### PROVIDED DATA
# # # # # # #

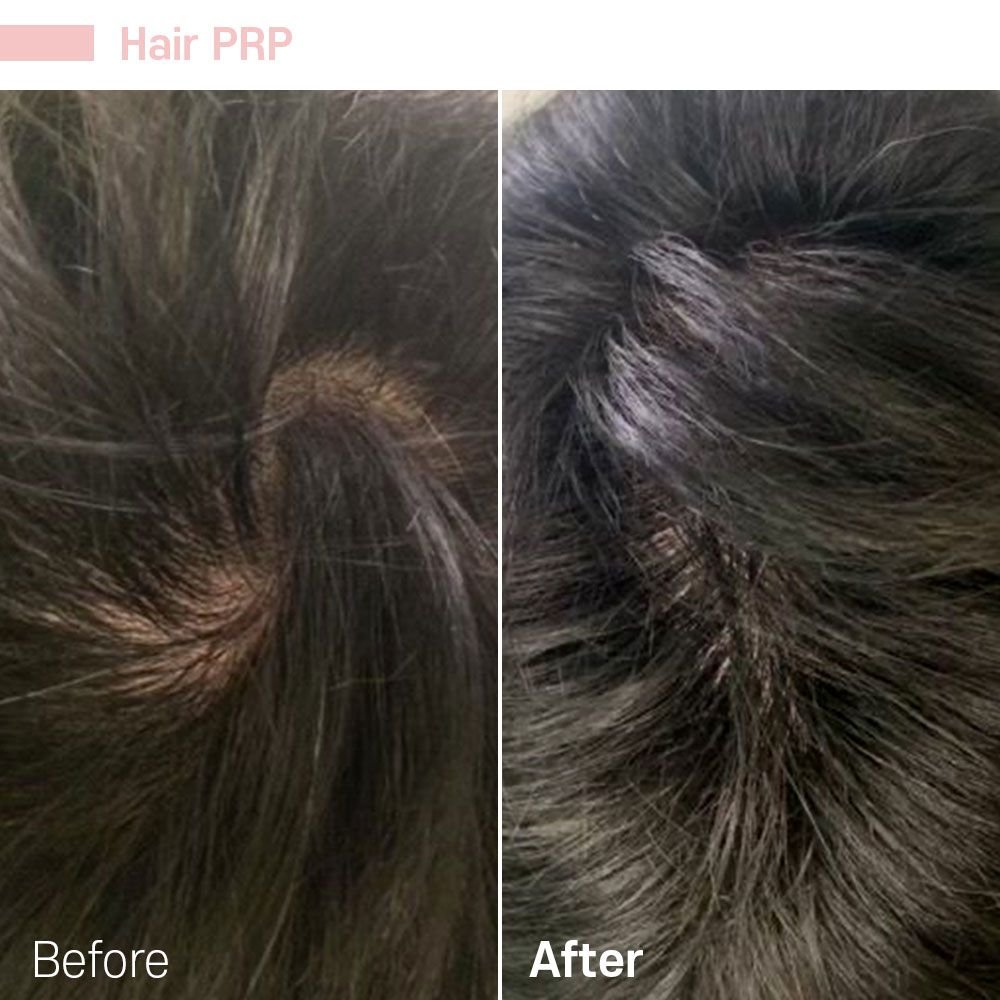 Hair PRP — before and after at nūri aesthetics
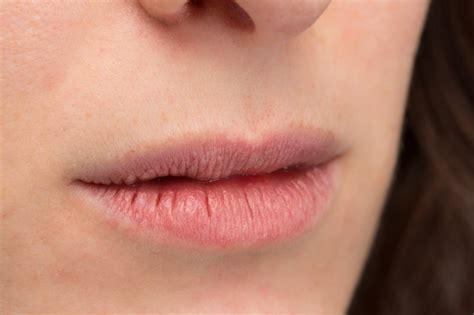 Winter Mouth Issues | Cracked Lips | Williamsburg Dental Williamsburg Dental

# # # # # # #

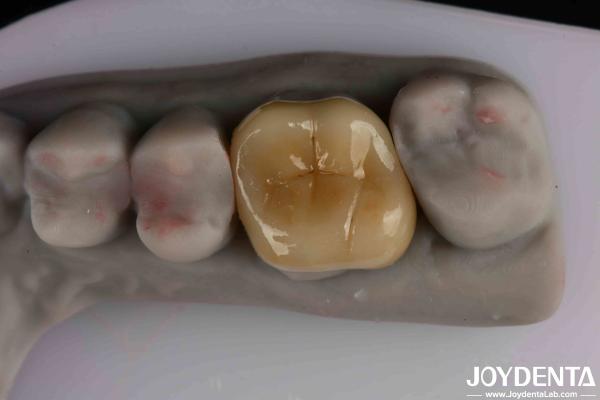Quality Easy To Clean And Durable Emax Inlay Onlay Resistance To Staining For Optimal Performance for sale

# # # # # # #

Return the stretch of data that begins with the line showing "Hair PRP — before" and goes on through the line showing "Winter Mouth Issues", exactly, with pictures removed.

 Hair PRP — before and after at nūri aesthetics
 Winter Mouth Issues | Cracked Lips | Williamsburg Dental Williamsburg Dental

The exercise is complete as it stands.